I'm so glad I took them out there. The finish line coordinator, who has worked on the race for about as long as I have, let Ella and Lily hand out water bottles to the finishers, which they loved. I got a bit misty watching them with their big smiles, handing out water and high fives to the women as they came across the finish. Ella is now asking how old she has to be before she can do a triathlon.

As much as I miss working on the race, it was really a nice morning. I swanned in at 8:00, long after the race had started, said hi to friends, watched some of the race, hung out at the finish in the shade of the medical tent, and left before the heat kicked in.

Being there, though, reinforced my decision to work the race again next year. Because my life will be so much calmer then.

Monday, June 01, 2009

An Update

Thank you to everyone who commented and e-mailed about Mollie-dog. Your words were very helpful to me.

The latest report is that Mollie-dog has settled in at her new home without a problem. B's dad's house has tile throughout, so Mollie-dog is enjoying sleeping on the cold tile during the heat of the day. His house is also out in the middle of nowhere, and there are deer and raccoons and all sorts of other creatures for Mollie-dog to sniff around after.

I think she'll be enjoying her retirement years.

We're still adjusting.

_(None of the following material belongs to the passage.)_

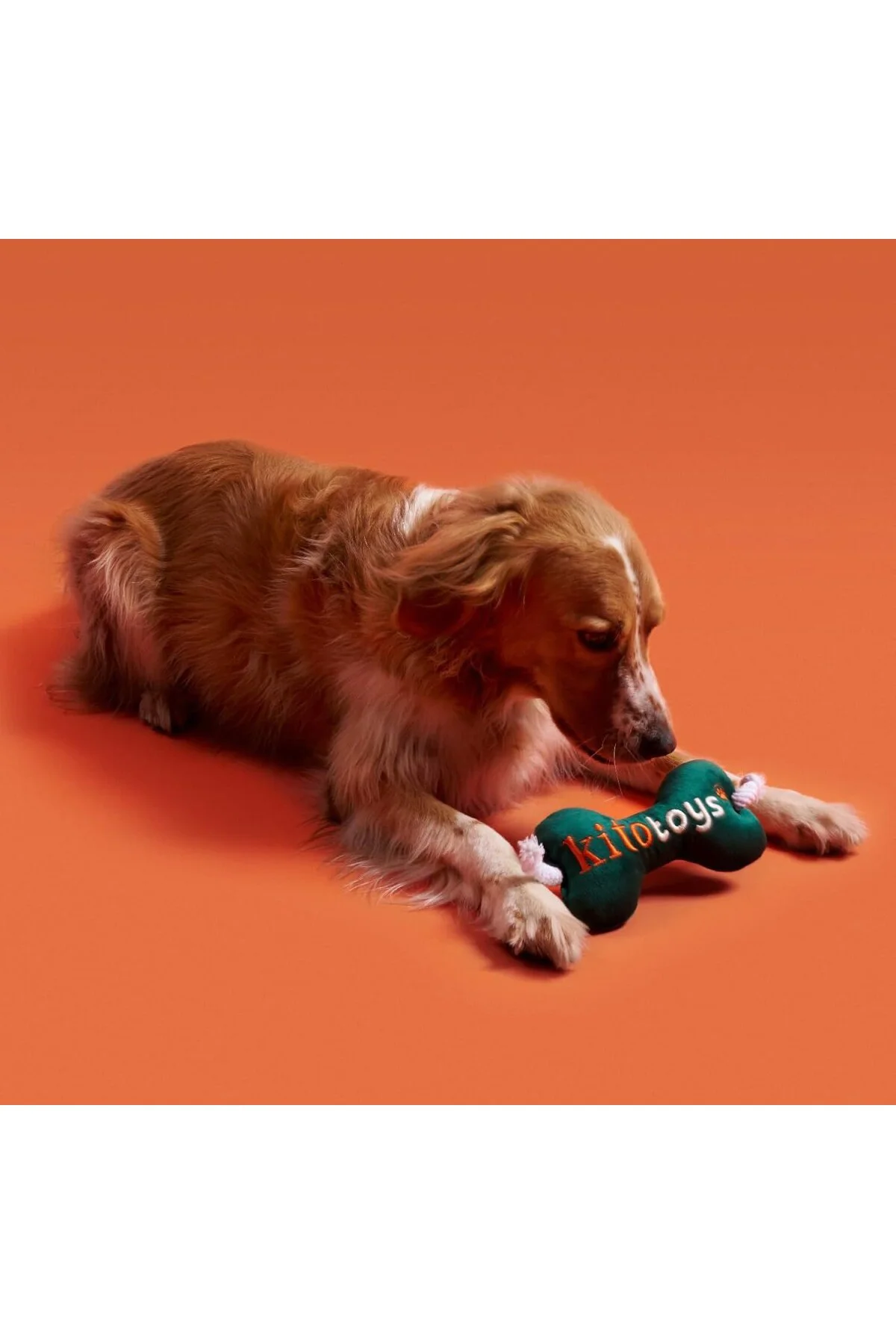 Toys Kemik Peluş Köpek Oyuncağı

It seems strange not to hear her collar jingling or her nails ticking on the floor. The girls are handing things well. We haven't had too many bouts of tears, but we have had requests for a visit. We'll make that happen in the next week or so.

In the meantime, Grey Kitty, the stray who adopted us three years ago and who lives on our front porch, is getting lots of extra love, which she's not sure she appreciates.